→ **Activity**
Each line of the material below is to be written out exactly. Leave out any picture.

→ **Data segment**
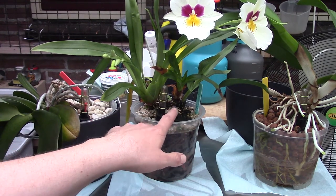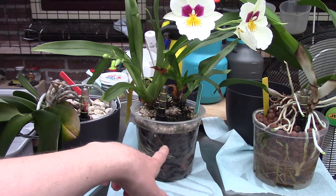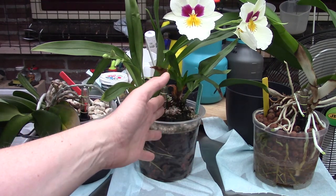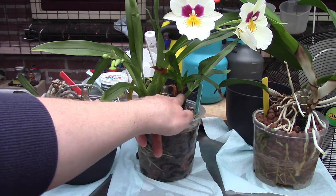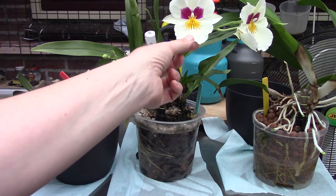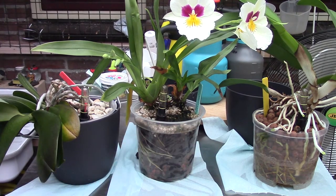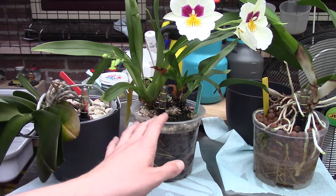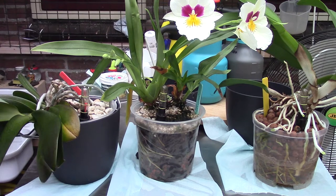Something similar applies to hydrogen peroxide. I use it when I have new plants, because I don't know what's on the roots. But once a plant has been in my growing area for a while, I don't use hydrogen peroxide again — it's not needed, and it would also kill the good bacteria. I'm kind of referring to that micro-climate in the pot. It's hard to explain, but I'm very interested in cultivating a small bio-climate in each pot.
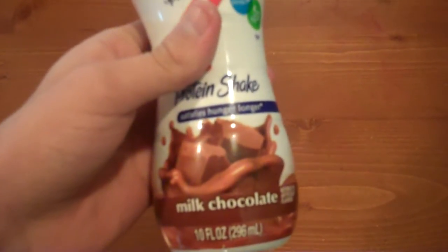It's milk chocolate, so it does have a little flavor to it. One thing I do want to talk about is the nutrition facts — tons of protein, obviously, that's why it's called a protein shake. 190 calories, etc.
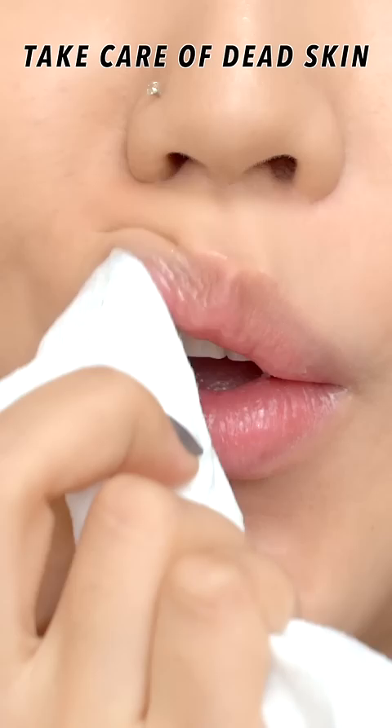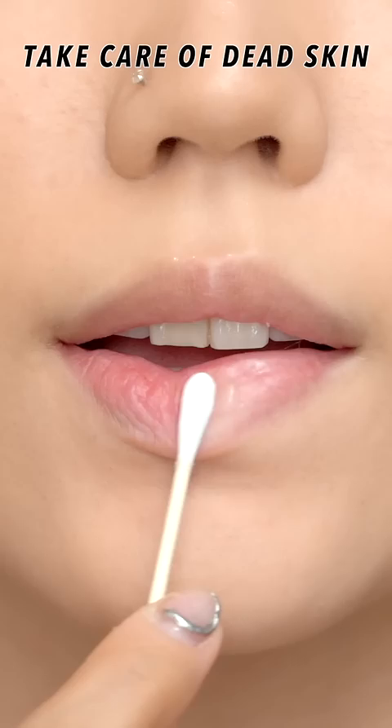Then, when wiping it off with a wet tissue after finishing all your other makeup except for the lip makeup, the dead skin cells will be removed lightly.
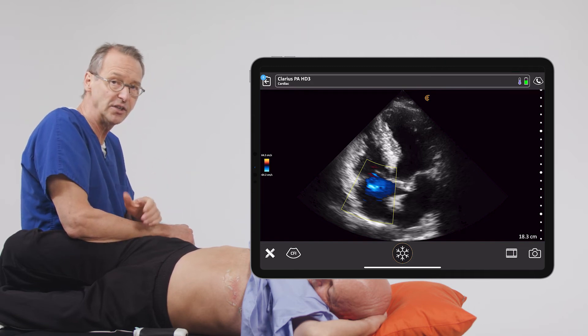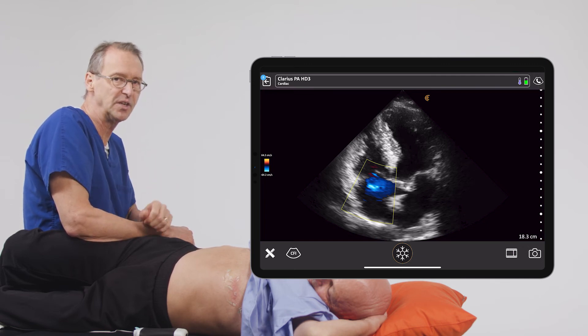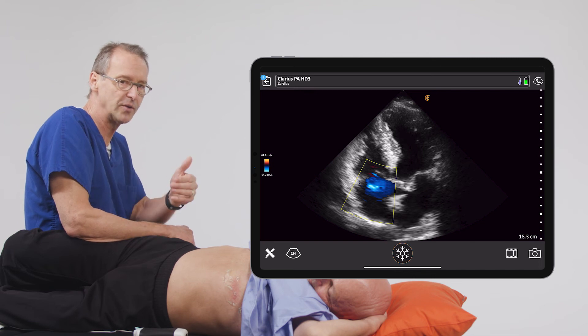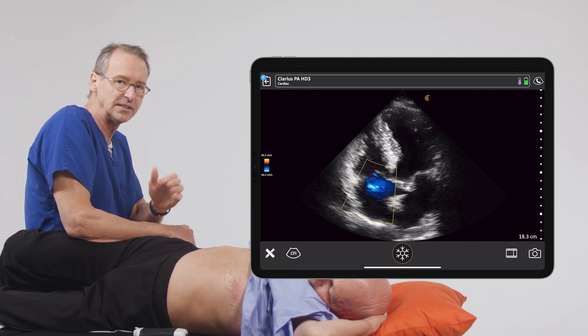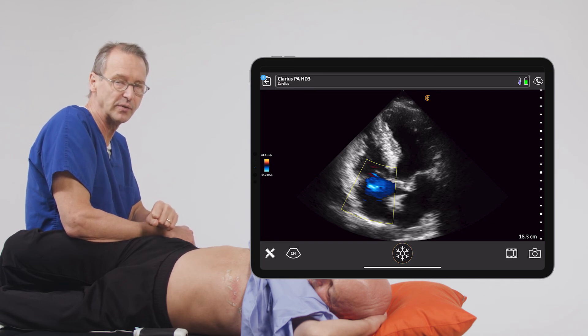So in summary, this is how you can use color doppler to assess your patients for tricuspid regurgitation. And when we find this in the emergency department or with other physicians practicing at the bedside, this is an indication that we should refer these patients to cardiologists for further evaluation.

→ **Written solution**
Something similar applies to hydrogen peroxide. I use it when I have new plants, because I don't know what's on the roots. But once a plant has been in my growing area for a while, I don't use hydrogen peroxide again — it's not needed, and it would also kill the good bacteria. I'm kind of referring to that micro-climate in the pot. It's hard to explain, but I'm very interested in cultivating a small bio-climate in each pot.
It's milk chocolate, so it does have a little flavor to it. One thing I do want to talk about is the nutrition facts — tons of protein, obviously, that's why it's called a protein shake. 190 calories, etc.
Then, when wiping it off with a wet tissue after finishing all your other makeup except for the lip makeup, the dead skin cells will be removed lightly.
So in summary, this is how you can use color doppler to assess your patients for tricuspid regurgitation. And when we find this in the emergency department or with other physicians practicing at the bedside, this is an indication that we should refer these patients to cardiologists for further evaluation.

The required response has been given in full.